Security information and event management (SIEM) and observability solutions typically segment data into hot and cold tiers to reduce what would otherwise be prohibitive expenses for customers. While cold storage is much more cost-effective than hot storage, it’s not readily available for querying. Hot storage is essential for data integral to daily operations that need frequent access with fast query response times, like customer databases, real-time analytics, and CDN performance logs. Conversely, cold storage acts as a cost-effective archive at the expense of performance. Accessing and querying cold data is slow. Transferring it back to the hot tier often takes hours or days, making it unsuitable for the experimental and iterative processes involved in building ML-enabled applications.

Data science teams work through phases, including exploratory analysis, feature engineering and training, and maintaining deployed models. Each phase involves constant refinement and experimentation. Any delay or operational friction, like retrieving data from cold storage, increases the time and costs of developing high-quality AI-enabled products.
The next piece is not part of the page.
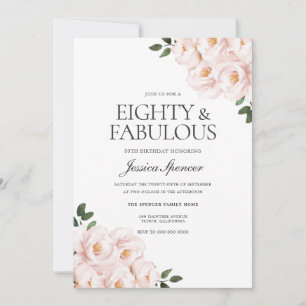 Schönes Rosa Rosa Elegant 80. Geburtstag Einladung
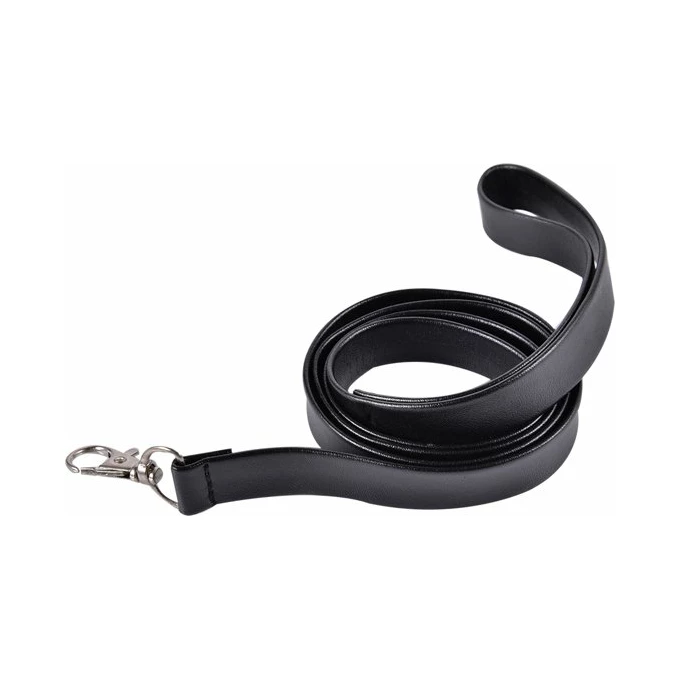 Power Escorts Kinky Collar Black Collar With Leash Adjustable - Obroża ze smyczą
The Tradeoffs Due to High Storage Costs

Platforms like Splunk, while valuable, are perceived as costly. Based on their pricing on the AWS Marketplace, retaining one gigabyte of hot data for a month can cost around $2.19. Compare that to AWS S3 object storage, where costs start at $0.023 per GB. Although these platforms add value to the data through indexing and other processes, the fundamental issue remains: Storage on these platforms is expensive. To manage costs, many platforms adopt aggressive data retention policies, keeping data in hot storage for 30 to 90 days – and often as little as seven days – before deletion or transfer to cold storage, where retrieval can take up to 24 hours.

When data is moved to cold storage, it typically becomes dark data – data that is stored and forgotten. But even worse is the outright destruction of data. Often promoted as best practices, these include sampling, summarization, and discarding features (or fields), all of which reduce the data’s value vis-a-vis training ML models.

The Need for a New Data Storage Model

Current observability, SIEM, and data storage services are critical to modern business operations and justify a significant portion of corporate budgets. An enormous amount of data passes through these platforms and is later lost, but there are many use cases where it should be retained for LLM and GenAI projects. However, if the costs of hot data storage aren’t reduced significantly, they will hinder the future development of LLM and GenAI-enabled products. Emerging architectures that separate and decouple storage allow for independent scaling of computing and storage and provide high query performance, which is crucial. These architectures offer performance akin to solid-state drives at prices near those of object storage. 

In conclusion, the primary challenge in this transition is not technical but economic. Incumbent vendors of observability, SIEM, and data storage solutions must recognize the financial barriers to their AI product roadmaps and integrate next-generation data storage technologies into their infrastructure. Transforming the economics of big data will help fulfill the potential of AI-driven security and observability.